Oops, yes, I did mean LOAD CSV.
It isn't the query, it's that there are thousands of transactions. I'm looking for ways to process those more efficiently.

Unique constraints or indexes are almost mandatory if you are using merge during your data importation process. It's not about the quality of your data but about speed.

[Importing CSV Data into Neo4j | Free Neo4j Courses from GraphAcademy](https://Importing data)

Do you have an example of your importation query?

As Gabriel mentioned, you will need these.

Specifically this is related to MATCH and MERGE operations in the query. Without indexes or unique constraints, it's possible that each of these (per operation and per row, not just once!) will perform an entire label scan to find the node. So if you had a 1000 line file consisting of two MERGEs, then that's 2000 label scans happening for the query, which will be horrible performance. Adding indexes changes those to index lookups instead, which is where you'll speed things up significantly.

There's also a question of Eager operators in the plan, as that can cause heap issues if you're not careful. So getting details about the query, and supporting your import with indexes, is essential for speed.

Sorry for delay, been sick.

The database gets created with thousands of create node statements, followed by thousands of arc creations:
MATCH (n1…) MATCH (n2…) MERGE (n1)-[:whatever]-(n2)

So if I understand correctly then with constraints those MATCH statements are going to execute much more quickly.

I hadn’t thought about doing INDEX anywhere because I thought that the scale of the database was small enough that it wouldn’t make a difference, but from the numbers you’re stating it sounds like I’m already way past that point.

I’ll try this as soon as I can get back to work.

You can even try to create unique constraint instead of simple index, it's slightly better.
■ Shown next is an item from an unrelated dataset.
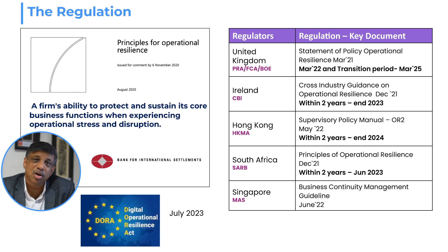Basel came up with their guidelines for operational resilience in August 2020, followed by the central banks of the UK, Singapore, Hong Kong, and South Africa with their own regulations. The European Union has announced that by July 2023, DORA — the Digital Operational Resilience Act — will be in force.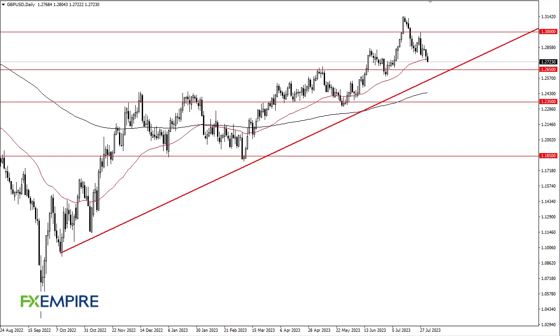From FX Umpire, this is Chris taking a look at the British Pound. You can see we initially tried to rally during the day here on Wednesday, but we have dropped to break down below the 50-day EMA. The 126.50 level is an area that I think offers a certain amount of support, and we have an uptrend line here.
Careful, even with unique constraints, double MATCH clauses are often deadly.
We could help you better if you can share a part of your importation query.

There's no import query, the database is created by a C# application with huge lists of data. First there's a loop
CREATE (:Thought) { (some attributes including string ID) }
for a few thousand elements, followed by a loop of a few thousand
MATCH (thought1 by ID) MATCH (thought2 by ID) MERGE (thought1)-[:whatever]-(thought2)
where whatever comes from the source data. The source application is trusted to not duplicate an ID or a link, and it's pretty mature software, so it's well trusted.

If by "loop" you mean a separate query per loop, and one update per query, then that's not optimized. You should try to batch many creations (10k-100k, depending on your heap) at a time per each query.